▸ The input:
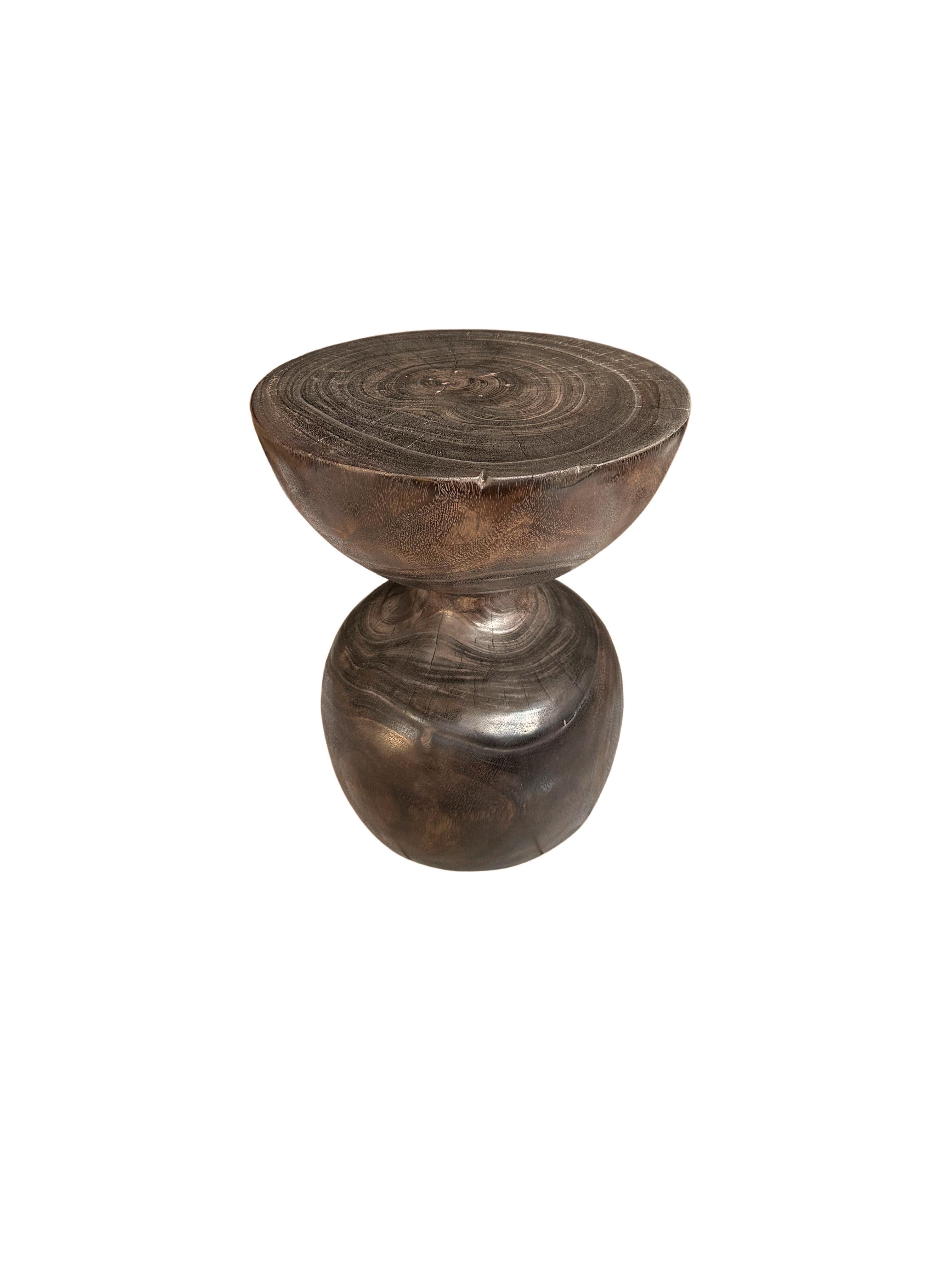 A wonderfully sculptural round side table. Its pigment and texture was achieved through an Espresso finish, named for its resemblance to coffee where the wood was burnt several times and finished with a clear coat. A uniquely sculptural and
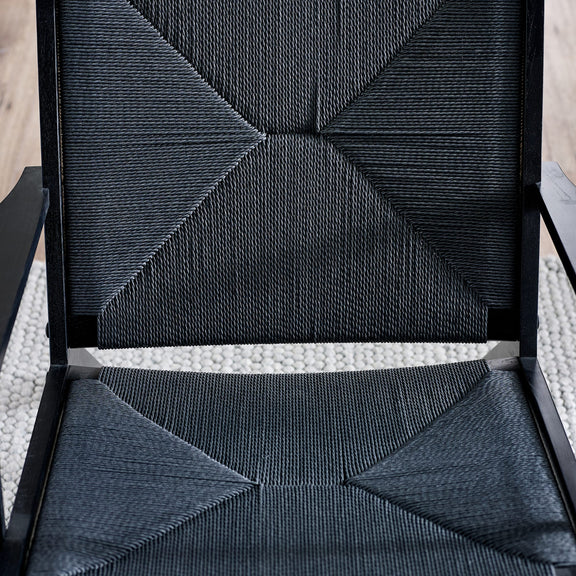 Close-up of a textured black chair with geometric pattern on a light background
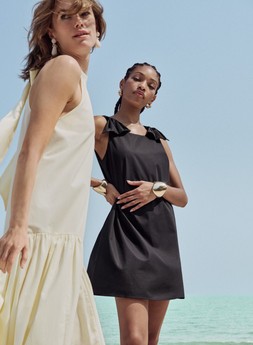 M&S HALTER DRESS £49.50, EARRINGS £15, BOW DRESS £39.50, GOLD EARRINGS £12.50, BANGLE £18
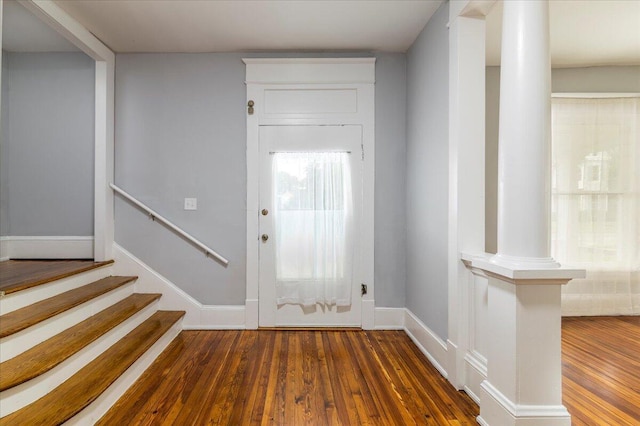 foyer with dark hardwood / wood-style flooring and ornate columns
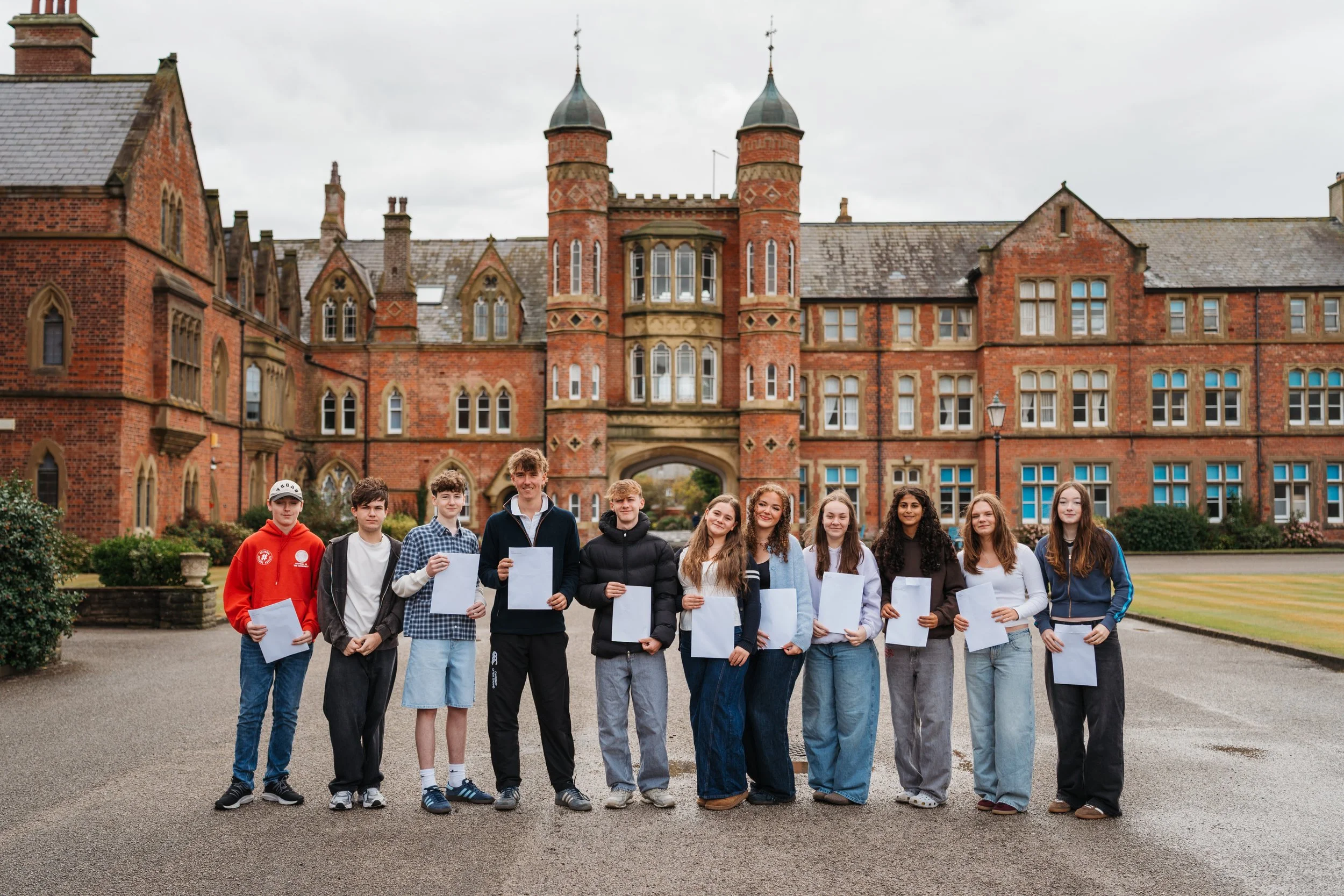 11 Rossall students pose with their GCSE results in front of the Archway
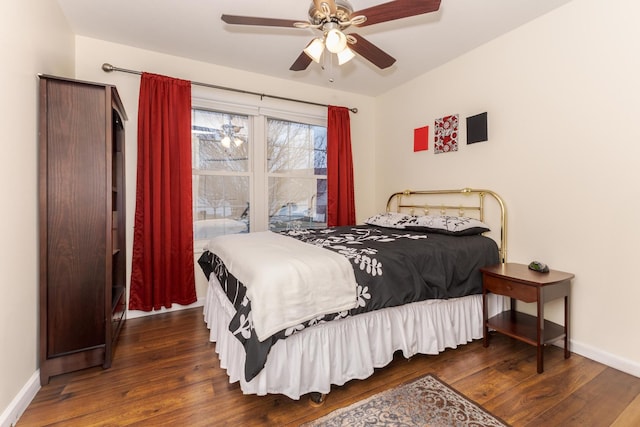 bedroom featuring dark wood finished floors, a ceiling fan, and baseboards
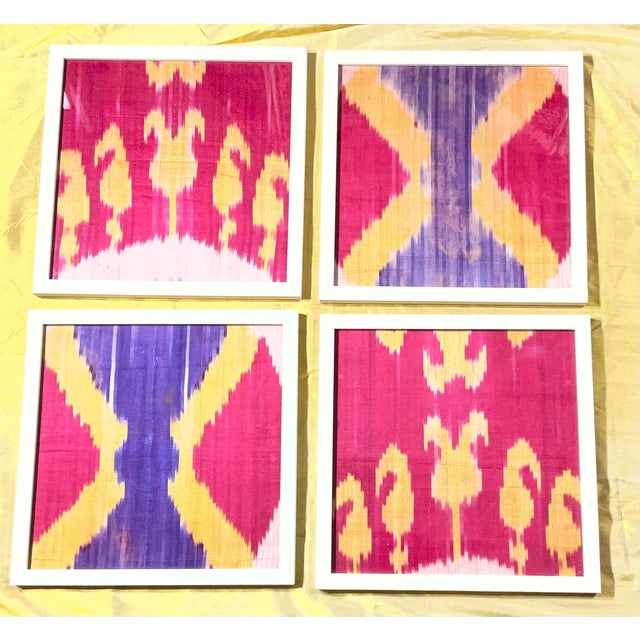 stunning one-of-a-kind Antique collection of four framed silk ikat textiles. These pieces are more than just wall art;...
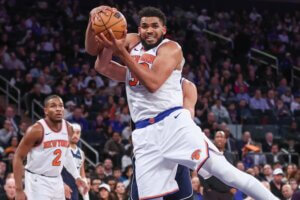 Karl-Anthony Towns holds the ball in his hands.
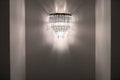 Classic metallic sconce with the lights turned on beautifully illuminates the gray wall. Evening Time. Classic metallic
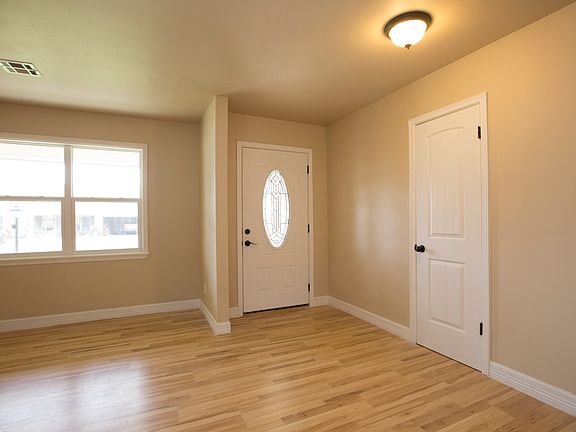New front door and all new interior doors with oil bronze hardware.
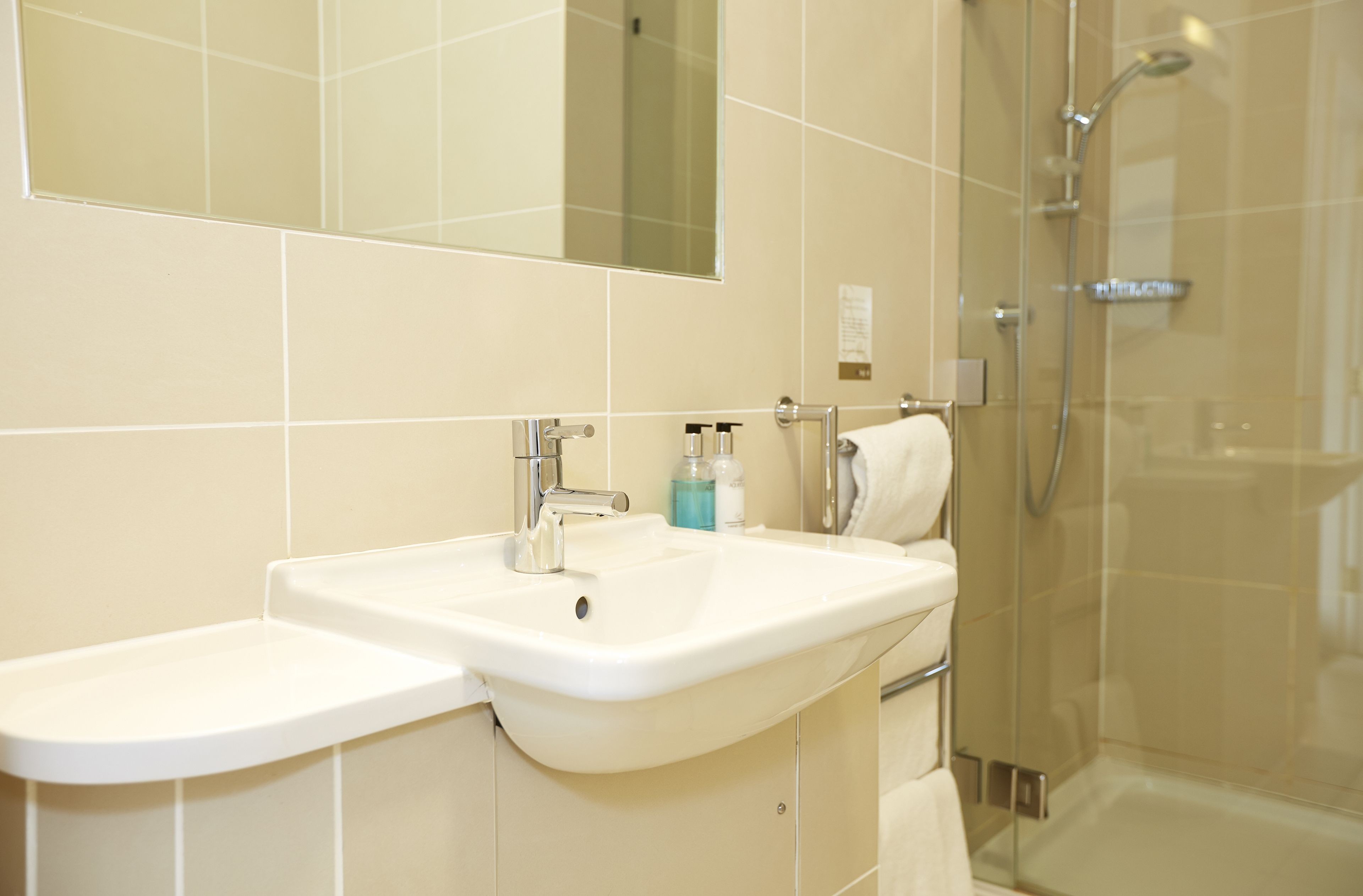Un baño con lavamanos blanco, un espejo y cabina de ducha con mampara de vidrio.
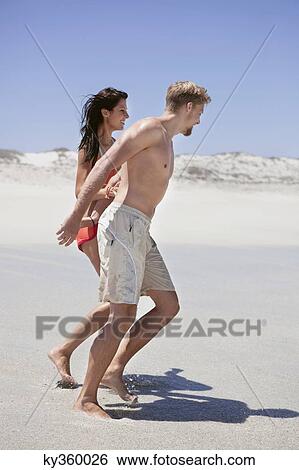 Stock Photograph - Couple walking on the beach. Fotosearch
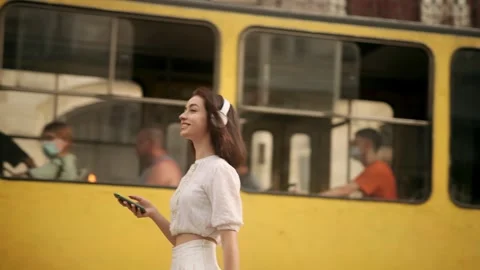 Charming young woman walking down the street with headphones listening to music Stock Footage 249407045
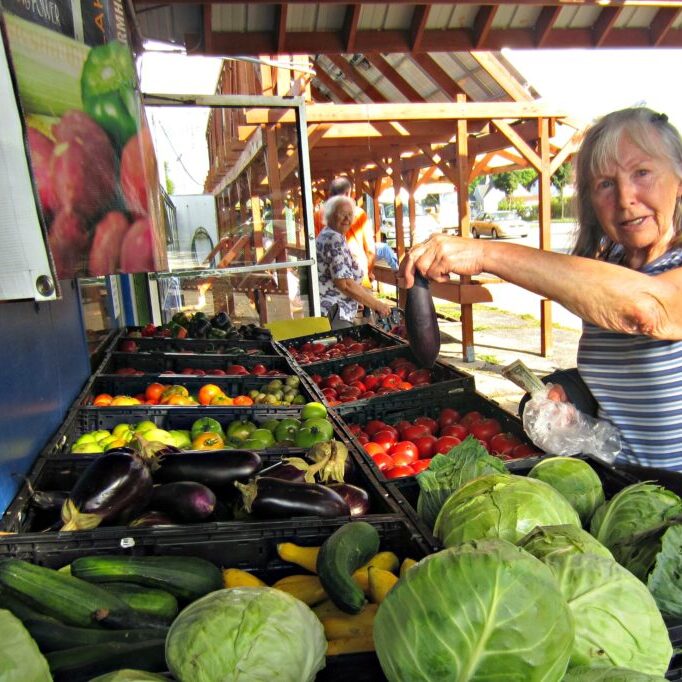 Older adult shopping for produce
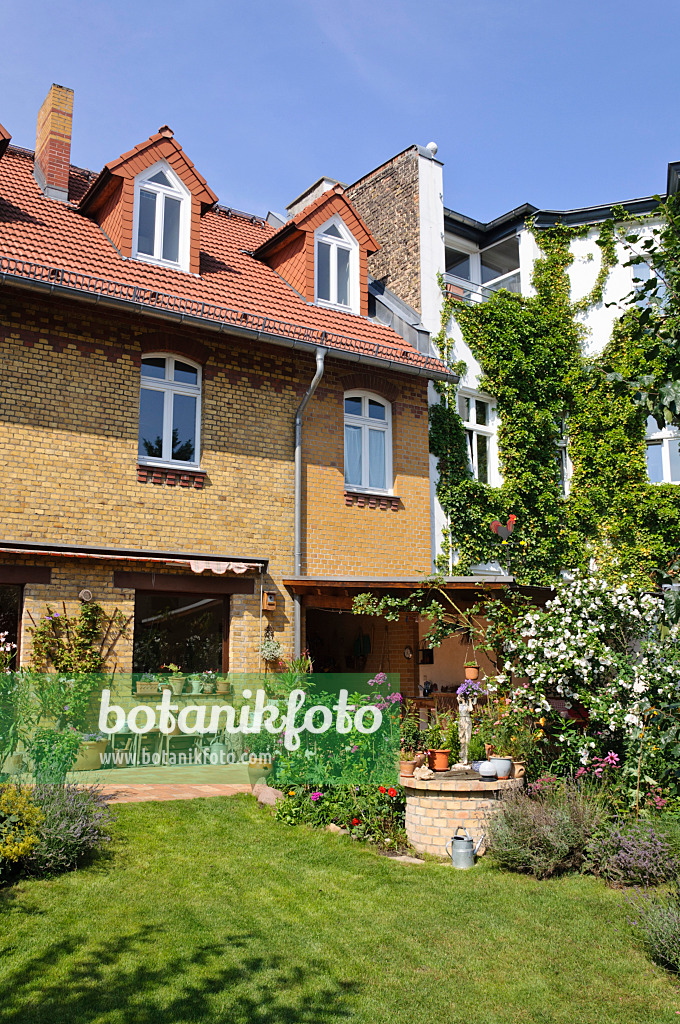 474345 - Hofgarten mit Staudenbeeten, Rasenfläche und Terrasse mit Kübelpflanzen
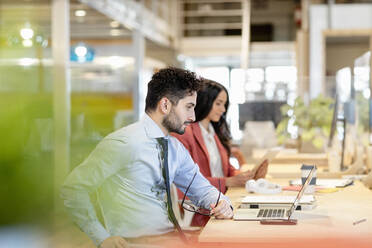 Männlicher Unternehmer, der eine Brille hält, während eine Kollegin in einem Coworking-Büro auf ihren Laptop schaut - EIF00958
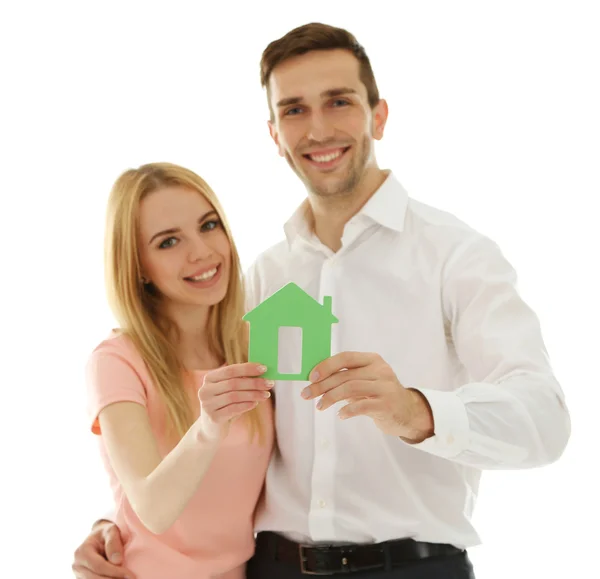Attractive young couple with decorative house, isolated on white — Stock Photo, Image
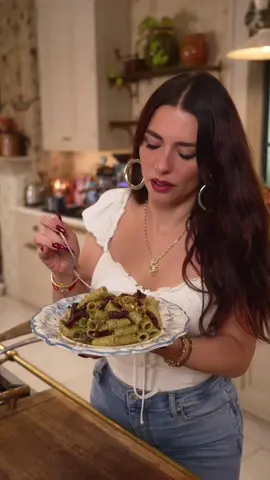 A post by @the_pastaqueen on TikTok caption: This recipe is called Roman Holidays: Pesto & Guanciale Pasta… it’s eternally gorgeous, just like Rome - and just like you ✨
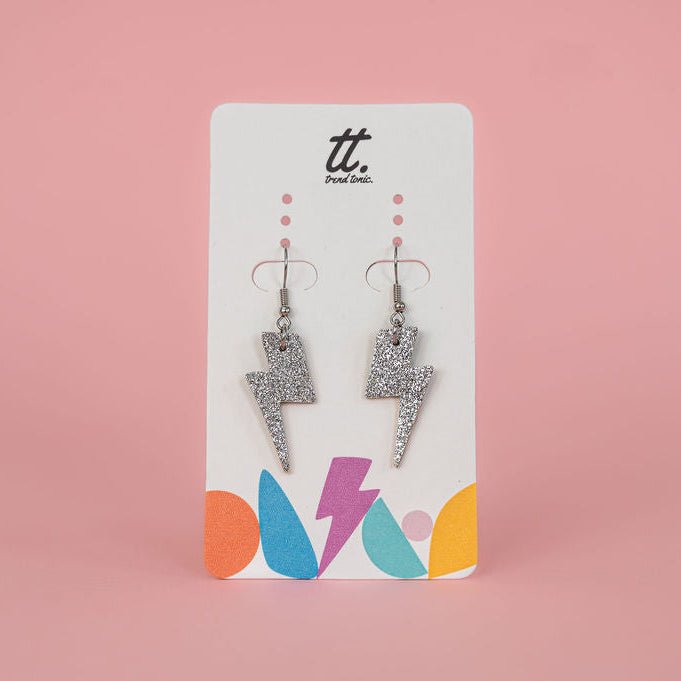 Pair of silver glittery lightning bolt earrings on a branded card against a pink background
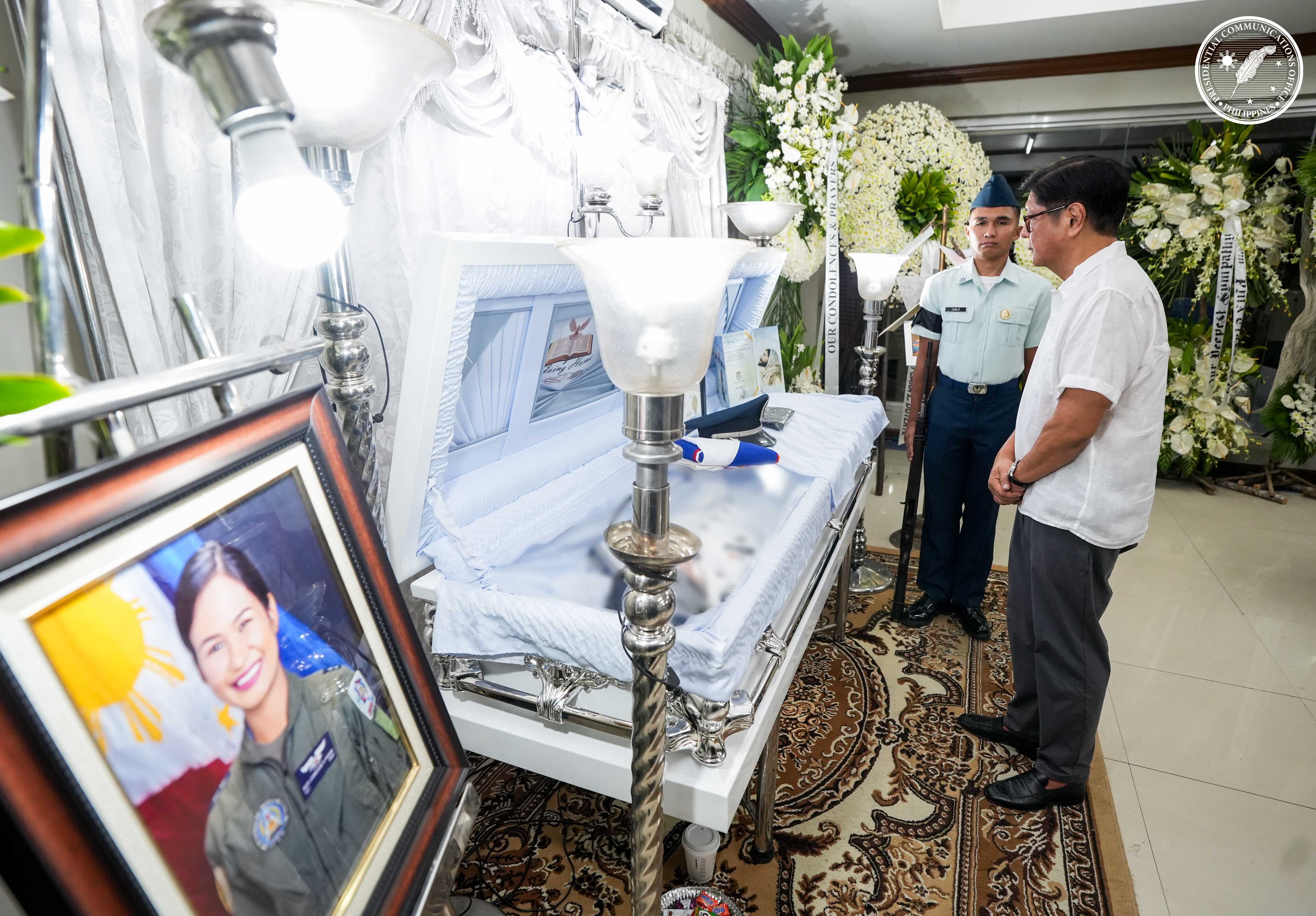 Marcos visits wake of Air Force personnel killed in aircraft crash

▸ Problem statement:
Only one stretch of the data is wanted: write out exactly the lines from the one holding "Karl-Anthony Towns holds" through the one holding "Charming young woman", both included, without the pictures.

▸ Exercise response:
 Karl-Anthony Towns holds the ball in his hands.
 Classic metallic sconce with the lights turned on beautifully illuminates the gray wall. Evening Time. Classic metallic
New front door and all new interior doors with oil bronze hardware.
Un baño con lavamanos blanco, un espejo y cabina de ducha con mampara de vidrio.
 Stock Photograph - Couple walking on the beach. Fotosearch
 Charming young woman walking down the street with headphones listening to music Stock Footage 249407045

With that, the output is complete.